[WORK TO COMPLETE]: The answer must be a bare number: the count of lines below that contain "BamfieldMSC".

DATA UNDER STUDY START

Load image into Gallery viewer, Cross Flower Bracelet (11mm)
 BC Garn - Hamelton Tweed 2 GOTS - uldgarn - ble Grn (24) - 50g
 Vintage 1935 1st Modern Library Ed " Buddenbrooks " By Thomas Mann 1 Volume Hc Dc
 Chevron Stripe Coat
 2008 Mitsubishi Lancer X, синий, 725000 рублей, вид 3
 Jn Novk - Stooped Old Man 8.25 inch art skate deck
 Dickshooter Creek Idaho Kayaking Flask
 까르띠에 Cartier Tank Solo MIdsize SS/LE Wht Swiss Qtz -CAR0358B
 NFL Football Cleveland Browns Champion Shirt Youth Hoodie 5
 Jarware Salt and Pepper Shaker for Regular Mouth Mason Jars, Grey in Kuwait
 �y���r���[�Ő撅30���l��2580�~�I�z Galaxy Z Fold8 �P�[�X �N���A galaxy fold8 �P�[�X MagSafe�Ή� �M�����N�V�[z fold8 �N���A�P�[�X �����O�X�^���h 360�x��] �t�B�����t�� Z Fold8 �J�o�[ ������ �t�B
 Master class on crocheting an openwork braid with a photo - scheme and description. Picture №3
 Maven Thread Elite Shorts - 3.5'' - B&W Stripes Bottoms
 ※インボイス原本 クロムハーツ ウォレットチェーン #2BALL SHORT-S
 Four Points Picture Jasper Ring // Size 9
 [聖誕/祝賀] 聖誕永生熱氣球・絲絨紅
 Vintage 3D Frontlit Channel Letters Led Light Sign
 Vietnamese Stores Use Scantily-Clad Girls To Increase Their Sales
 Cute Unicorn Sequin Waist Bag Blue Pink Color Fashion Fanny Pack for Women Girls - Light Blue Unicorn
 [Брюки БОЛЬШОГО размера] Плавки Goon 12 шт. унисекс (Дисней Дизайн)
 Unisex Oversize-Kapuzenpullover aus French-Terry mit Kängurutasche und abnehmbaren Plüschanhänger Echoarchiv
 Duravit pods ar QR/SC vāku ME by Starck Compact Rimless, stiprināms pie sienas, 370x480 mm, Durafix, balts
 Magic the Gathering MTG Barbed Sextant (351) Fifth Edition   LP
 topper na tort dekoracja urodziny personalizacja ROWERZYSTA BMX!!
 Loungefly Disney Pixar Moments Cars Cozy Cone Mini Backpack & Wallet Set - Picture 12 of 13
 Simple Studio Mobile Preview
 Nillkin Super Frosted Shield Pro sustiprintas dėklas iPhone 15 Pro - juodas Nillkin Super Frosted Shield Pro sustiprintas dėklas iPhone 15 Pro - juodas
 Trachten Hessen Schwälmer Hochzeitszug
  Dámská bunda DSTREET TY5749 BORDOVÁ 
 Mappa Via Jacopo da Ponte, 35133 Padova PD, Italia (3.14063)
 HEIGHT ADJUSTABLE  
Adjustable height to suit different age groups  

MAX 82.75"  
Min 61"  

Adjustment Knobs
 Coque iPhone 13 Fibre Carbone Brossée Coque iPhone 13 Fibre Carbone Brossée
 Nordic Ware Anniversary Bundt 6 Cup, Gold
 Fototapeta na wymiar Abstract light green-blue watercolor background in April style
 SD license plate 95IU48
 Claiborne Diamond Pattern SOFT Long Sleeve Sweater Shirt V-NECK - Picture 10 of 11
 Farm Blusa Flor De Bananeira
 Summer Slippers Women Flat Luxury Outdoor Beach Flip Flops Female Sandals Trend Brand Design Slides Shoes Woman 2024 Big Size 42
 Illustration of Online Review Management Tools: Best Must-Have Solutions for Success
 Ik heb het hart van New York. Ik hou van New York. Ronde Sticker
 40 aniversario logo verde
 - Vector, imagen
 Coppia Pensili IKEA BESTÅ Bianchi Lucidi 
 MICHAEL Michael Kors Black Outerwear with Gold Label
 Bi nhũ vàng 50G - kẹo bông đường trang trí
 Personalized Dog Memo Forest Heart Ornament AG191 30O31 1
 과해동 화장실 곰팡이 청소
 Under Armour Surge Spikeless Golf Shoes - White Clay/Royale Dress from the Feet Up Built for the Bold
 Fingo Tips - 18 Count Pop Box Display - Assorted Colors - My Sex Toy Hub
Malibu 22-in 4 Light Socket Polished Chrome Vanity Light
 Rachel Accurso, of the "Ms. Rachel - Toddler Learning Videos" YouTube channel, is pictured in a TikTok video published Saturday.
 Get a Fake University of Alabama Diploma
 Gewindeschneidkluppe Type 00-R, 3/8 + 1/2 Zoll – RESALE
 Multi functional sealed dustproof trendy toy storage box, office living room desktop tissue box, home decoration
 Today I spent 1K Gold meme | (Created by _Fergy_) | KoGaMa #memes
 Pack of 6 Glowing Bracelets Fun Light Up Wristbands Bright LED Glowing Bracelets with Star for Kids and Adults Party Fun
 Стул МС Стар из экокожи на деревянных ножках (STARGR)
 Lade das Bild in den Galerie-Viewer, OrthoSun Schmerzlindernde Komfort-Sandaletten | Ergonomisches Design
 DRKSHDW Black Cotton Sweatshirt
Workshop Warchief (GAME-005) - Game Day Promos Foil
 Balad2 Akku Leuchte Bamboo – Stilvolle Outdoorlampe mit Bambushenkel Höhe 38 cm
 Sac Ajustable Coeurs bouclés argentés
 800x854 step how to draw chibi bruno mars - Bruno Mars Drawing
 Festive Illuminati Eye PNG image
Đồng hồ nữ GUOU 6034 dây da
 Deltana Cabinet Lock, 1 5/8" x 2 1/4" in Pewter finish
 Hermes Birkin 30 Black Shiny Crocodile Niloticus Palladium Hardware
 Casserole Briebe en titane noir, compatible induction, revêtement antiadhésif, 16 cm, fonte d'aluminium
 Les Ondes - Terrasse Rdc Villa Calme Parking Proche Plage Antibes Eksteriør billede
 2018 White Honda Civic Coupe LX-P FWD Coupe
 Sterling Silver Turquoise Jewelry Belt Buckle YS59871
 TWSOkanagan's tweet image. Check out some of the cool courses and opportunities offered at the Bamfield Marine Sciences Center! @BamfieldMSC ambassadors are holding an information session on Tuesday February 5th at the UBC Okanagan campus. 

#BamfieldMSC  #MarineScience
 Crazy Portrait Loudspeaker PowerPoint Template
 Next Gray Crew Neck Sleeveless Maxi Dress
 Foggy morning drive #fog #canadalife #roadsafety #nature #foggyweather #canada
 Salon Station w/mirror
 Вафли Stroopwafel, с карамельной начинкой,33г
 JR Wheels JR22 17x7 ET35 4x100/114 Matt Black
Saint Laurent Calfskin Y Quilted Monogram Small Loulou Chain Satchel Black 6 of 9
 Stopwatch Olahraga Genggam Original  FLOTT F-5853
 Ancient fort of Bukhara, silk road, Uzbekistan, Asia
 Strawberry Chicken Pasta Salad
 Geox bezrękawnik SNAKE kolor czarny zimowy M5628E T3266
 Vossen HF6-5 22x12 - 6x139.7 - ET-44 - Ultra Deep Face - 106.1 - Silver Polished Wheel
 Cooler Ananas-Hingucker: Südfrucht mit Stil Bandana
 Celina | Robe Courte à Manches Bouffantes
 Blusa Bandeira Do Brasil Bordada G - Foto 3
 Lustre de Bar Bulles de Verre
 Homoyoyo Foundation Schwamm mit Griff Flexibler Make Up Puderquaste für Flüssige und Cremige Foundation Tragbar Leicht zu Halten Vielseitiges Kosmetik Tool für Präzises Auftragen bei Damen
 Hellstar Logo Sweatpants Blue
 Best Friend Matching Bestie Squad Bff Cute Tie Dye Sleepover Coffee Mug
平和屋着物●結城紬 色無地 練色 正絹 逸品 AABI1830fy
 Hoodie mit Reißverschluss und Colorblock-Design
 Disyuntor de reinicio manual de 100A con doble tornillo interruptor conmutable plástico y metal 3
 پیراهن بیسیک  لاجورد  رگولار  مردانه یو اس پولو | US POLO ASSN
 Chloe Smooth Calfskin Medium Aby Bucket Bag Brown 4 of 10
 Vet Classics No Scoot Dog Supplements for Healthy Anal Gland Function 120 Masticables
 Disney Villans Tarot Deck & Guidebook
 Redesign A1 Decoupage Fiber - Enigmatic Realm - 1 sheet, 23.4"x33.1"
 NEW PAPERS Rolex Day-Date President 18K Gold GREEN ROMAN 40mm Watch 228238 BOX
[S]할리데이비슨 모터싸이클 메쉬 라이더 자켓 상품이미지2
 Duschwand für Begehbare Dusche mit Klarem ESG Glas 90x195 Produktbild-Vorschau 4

DATA UNDER STUDY END

[EXPECTED ANSWER]: 2